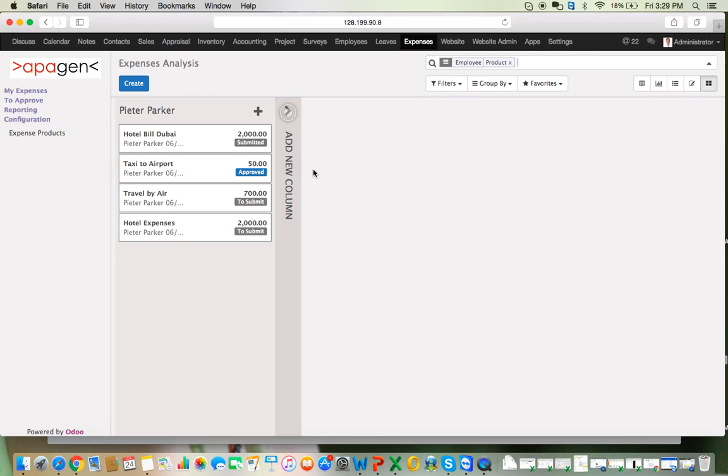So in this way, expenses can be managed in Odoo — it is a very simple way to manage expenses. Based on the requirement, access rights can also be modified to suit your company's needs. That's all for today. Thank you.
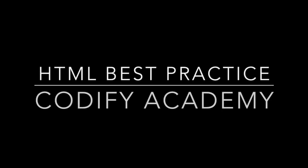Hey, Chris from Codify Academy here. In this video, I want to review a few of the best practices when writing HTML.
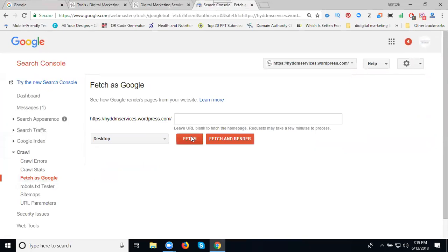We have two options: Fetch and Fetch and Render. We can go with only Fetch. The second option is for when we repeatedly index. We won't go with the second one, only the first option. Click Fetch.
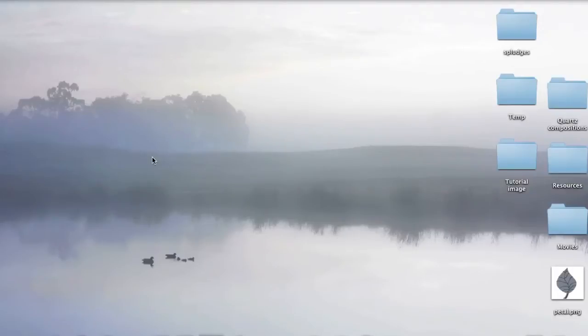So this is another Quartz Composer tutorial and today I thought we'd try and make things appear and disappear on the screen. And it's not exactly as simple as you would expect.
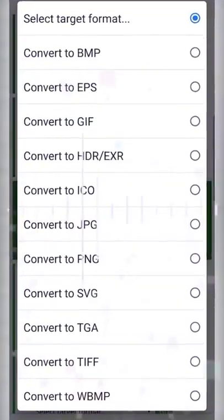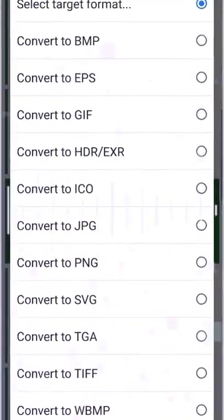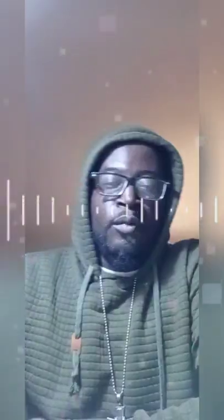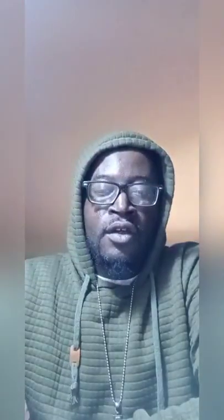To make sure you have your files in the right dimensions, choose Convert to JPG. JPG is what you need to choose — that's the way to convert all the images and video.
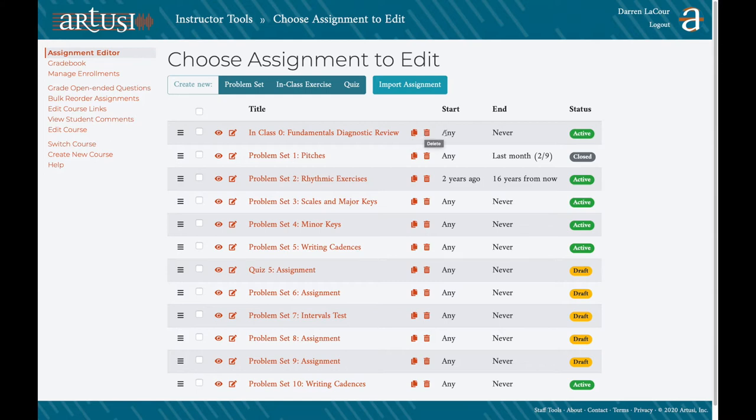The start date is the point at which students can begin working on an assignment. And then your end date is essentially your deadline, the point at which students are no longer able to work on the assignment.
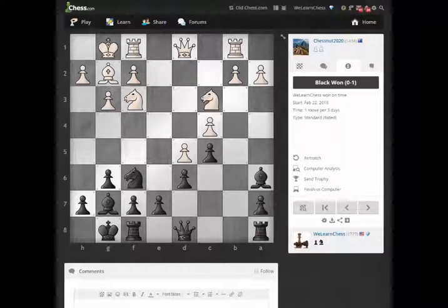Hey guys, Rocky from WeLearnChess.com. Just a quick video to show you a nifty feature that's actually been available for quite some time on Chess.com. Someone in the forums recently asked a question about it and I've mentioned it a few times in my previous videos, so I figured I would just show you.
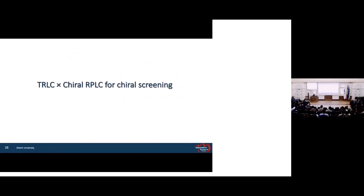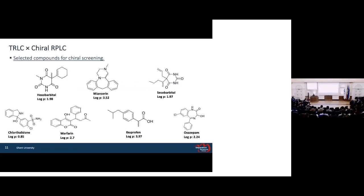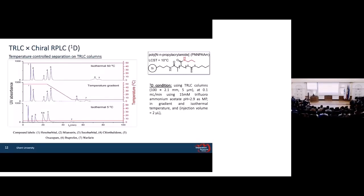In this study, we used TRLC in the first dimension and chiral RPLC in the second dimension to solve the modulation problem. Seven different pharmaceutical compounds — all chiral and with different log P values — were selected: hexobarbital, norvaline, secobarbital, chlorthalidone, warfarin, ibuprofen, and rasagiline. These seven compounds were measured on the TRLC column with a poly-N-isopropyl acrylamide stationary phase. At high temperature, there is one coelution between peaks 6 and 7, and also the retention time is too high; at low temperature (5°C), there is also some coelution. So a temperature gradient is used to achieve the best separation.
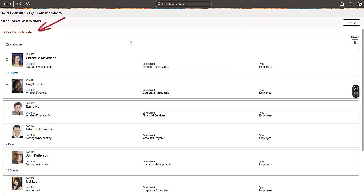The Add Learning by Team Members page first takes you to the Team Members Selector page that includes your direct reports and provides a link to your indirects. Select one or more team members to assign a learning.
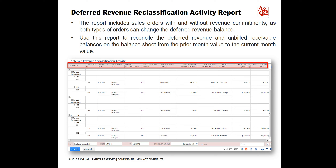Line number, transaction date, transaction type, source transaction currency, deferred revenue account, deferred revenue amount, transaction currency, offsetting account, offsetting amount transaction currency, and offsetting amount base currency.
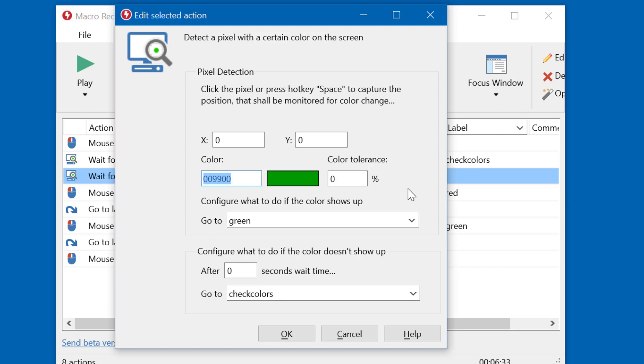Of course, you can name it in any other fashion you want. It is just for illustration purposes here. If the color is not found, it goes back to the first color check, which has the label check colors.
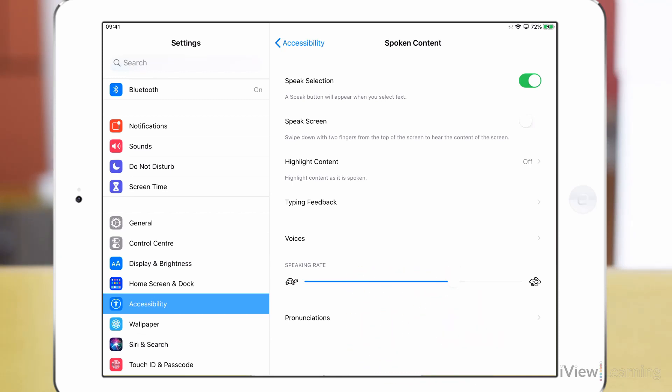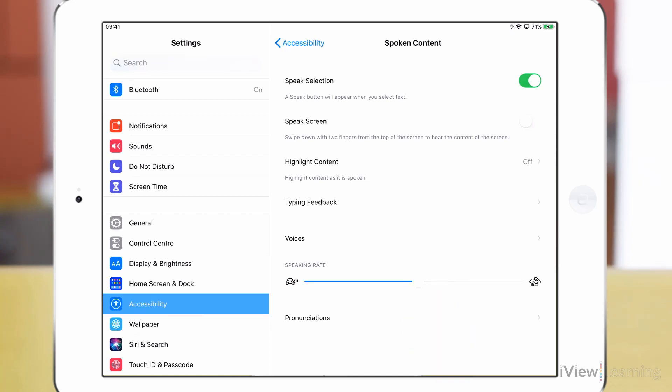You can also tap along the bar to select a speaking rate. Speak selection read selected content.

:: Exercise requirements ::
Pictures are to be dropped; the lines from the start of the entries above through the line with "Hey, Chris from" are to be given again verbatim.

:: Your response ::
So in this way, expenses can be managed in Odoo — it is a very simple way to manage expenses. Based on the requirement, access rights can also be modified to suit your company's needs. That's all for today. Thank you.
Hey, Chris from Codify Academy here. In this video, I want to review a few of the best practices when writing HTML.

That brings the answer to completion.